With All Eyes on Bitcoin, Cybercriminals Turn to Monero to Launder Illicit Gains
Investors aren’t the only ones with doubts about Bitcoin these days. Concerned about the ability of investigators to trace Bitcoin transactions through underlying blockchain data, cybercriminals are also becoming increasingly wary of their longstanding cryptocurrency of choice, according to the Financial Times.
For criminal syndicates, the shift is due in part to the anonymity promised by an alternative cryptocurrency: the “privacy coin” Monero, which is designed to obscure data that could be used by investigators to identify the sender and receiver, as well as the total value transferred. The popularity of Monero among criminals has grown as law enforcement officials have ramped up investigations into ransomware attacks and other cyber-crimes.

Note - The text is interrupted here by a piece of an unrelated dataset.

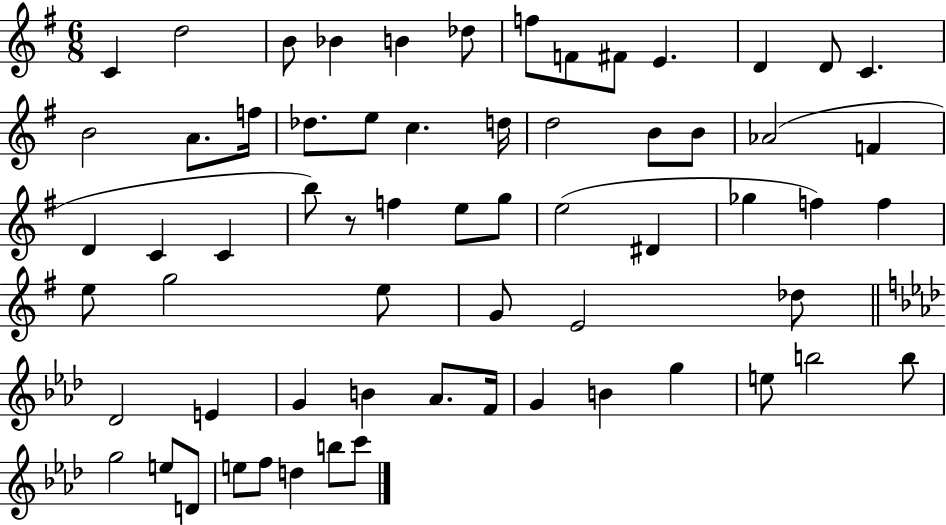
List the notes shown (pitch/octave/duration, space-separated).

“We’ve seen ransomware groups specifically shifting to Monero,” Bryce Webster-Jacobsen, director of intelligence at GroupSense, told the Financial Times. “[Cybercriminals] have recognized the ability for mistakes to be made using Bitcoin that allow blockchain transactions to reveal their identity.”
Two of the most notorious ransomware groups—REvil and DarkSide—have recently signaled their preference for the privacy coin.
REvil, a Russia-linked group believed to be behind last month’s attack on meatpacker JBS, stopped accepting bitcoins as payment earlier this year, declaring that it would only accept Monero, Brett Callow, a threat analyst at Emsisoft, told the news outlet.
DarkSide, which has been blamed for the Colonial Pipeline hack in the United States, and Babuk, which was responsible for the recent attack on the Washington, D.C. police, accept both Bitcoin and Monero but charge a 10-20 percent premium to victims paying with bitcoins.
Last year, the use of Monero by ransomware gangs was comparable to a “rounding error,” Justin Ehrenhofer, a cryptocurrency compliance expert, told the FT. Today, the privacy coin accounts for 10-20 percent of ransoms paid to cybercrime groups—a statistic that is likely to jump to more than 50 percent by the end of the year, he said.
The cryptocurrency’s absence of a blockchain trail is proving problematic for investigators.
In a report published last year, Europol found that privacy coins have “rendered cryptocurrency investigations more challenging and [that] we can expect these to feature more prominently in future investigations”.